__Work item__:
Exactly as written, please repeat the data that follows, but not the pictures.

══════════

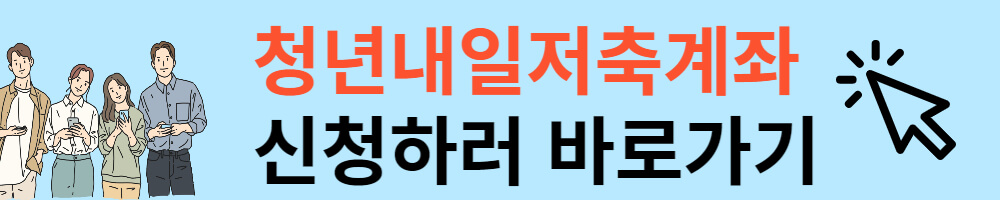 2023 청년내일적금 신청방법 , 자격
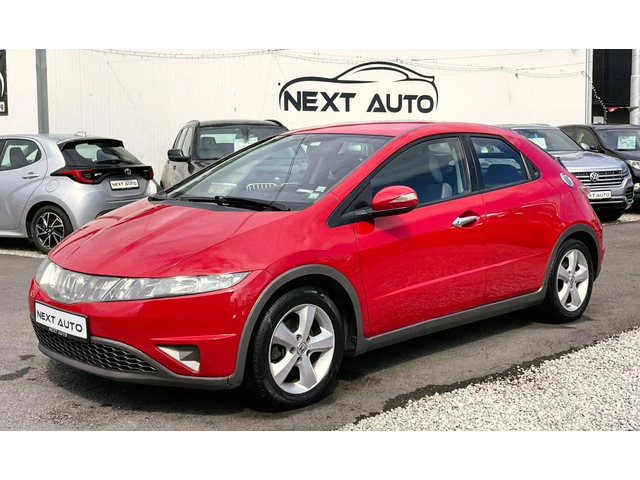 Honda Civic 1.4i 83HP - автомобили, коли, обяви за нови и употребявани 0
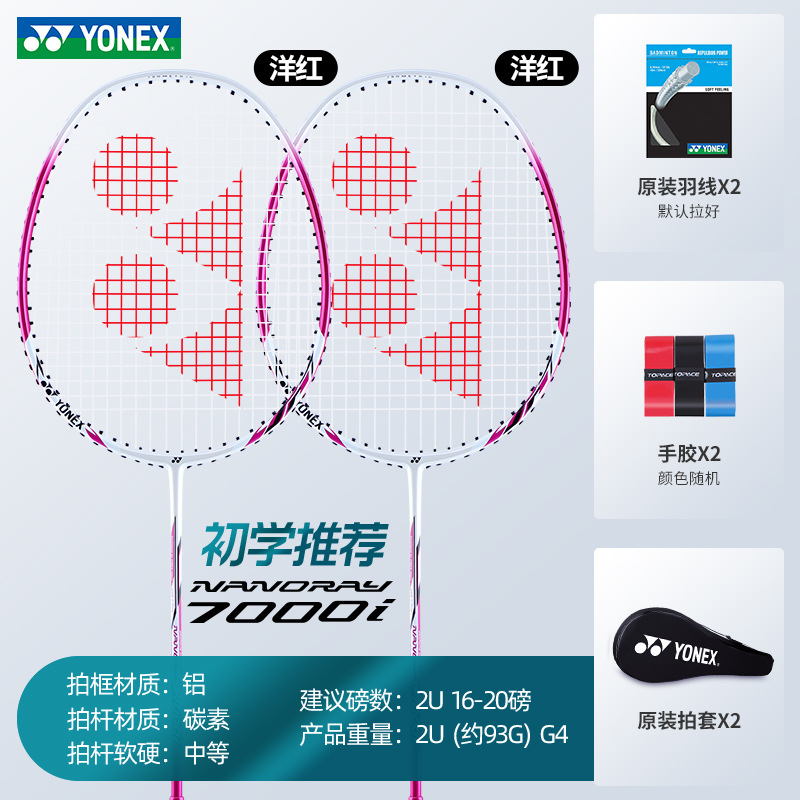 루즈 파우더 + 루즈 파우더 NR7000I 카본 복합 일체형 더블샷 + 완성샷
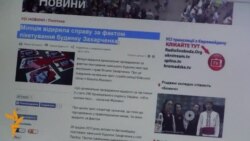 Паркан Захарченка не вартий 4 рокiв за ґратами – адвокат
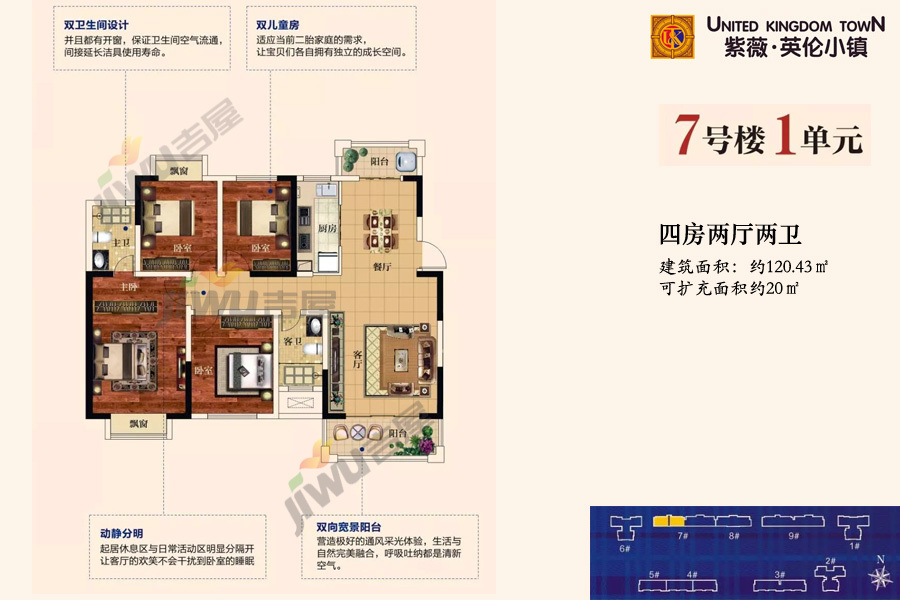 紫薇英伦小镇4室2厅2卫120.4㎡户型图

══════════

__Problem solution__:
 2023 청년내일적금 신청방법 , 자격
 Honda Civic 1.4i 83HP - автомобили, коли, обяви за нови и употребявани 0
 루즈 파우더 + 루즈 파우더 NR7000I 카본 복합 일체형 더블샷 + 완성샷
 Паркан Захарченка не вартий 4 рокiв за ґратами – адвокат
 紫薇英伦小镇4室2厅2卫120.4㎡户型图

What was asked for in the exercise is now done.